Again, this is not full autonomy, but if it did what Audi says it will, this would be a big step up from, say, Cadillac’s Super Cruise or Tesla’s Autopilot. I will point out that this is maybe not something we wanted in the first place, as we pointed out last year:
Dubbed the Traffic Jam Pilot, the automaker confidently says it will allow drivers to “focus on a different activity that is supported by the car, such as watching the on-board TV”—so long as they pay some attention to the road. This probably isn’t a good idea for the public.

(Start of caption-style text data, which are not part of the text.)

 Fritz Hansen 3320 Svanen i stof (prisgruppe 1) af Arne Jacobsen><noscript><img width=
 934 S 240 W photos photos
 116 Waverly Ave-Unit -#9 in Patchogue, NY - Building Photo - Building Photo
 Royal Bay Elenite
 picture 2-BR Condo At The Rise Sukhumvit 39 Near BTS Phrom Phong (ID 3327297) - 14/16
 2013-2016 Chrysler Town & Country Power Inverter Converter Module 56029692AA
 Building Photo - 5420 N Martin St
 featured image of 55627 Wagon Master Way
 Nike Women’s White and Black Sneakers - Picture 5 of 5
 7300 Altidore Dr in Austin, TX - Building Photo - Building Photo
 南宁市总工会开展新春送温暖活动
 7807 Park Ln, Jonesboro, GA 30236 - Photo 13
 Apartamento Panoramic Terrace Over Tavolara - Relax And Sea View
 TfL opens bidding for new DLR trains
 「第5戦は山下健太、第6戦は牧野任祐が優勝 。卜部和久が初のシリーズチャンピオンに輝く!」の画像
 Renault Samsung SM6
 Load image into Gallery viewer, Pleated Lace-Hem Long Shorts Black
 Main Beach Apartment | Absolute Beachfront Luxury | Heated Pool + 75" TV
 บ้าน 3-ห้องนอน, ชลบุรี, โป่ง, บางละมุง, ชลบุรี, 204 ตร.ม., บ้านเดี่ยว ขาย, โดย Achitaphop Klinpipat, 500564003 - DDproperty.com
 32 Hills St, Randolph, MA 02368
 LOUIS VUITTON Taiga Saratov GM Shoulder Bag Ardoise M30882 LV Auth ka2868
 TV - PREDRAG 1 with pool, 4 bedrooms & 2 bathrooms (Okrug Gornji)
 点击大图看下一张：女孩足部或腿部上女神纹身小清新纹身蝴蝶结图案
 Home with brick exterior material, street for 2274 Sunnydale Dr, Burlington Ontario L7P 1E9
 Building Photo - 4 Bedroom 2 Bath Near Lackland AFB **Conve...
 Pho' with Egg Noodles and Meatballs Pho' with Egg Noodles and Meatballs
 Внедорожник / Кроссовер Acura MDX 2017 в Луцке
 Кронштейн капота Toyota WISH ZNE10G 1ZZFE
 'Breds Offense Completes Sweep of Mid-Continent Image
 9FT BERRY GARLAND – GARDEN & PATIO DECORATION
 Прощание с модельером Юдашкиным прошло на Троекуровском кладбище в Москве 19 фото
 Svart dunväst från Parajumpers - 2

That we’re not getting this tech is a real bummer but not necessarily a huge surprise. Audi said that it wasn’t quite ready to get this over here last year, and it didn’t know when that would happen, as we wrote about a year ago when Audi said that this tech would come to the States:
Audi also couched that a lot will need to happen before Traffic Jam Pilot becomes available to consumers:
The introduction of the Audi AI traffic jam pilot means the statutory framework will need to be clarified in each individual market, along with the country-specific definition of the application and testing of the system...In addition, a range of approval procedures and their corresponding timescales will need to be observed worldwide. Audi will therefore be adopting a step-by-step approach to the introduction of the traffic jam pilot in production models.
So this may be a while.
This isn’t the only Audi tech that’s not permitted in the United States. Over in Europe you can get much fancier headlights with automatically-dipping high beams for oncoming traffic that, thanks to some poor regulatory wording from half a century ago, is not legal over here.
As it is, Audi drivers will have to rely purely on their own impeccable driving skill to get around safely and securely for the foreseeable future.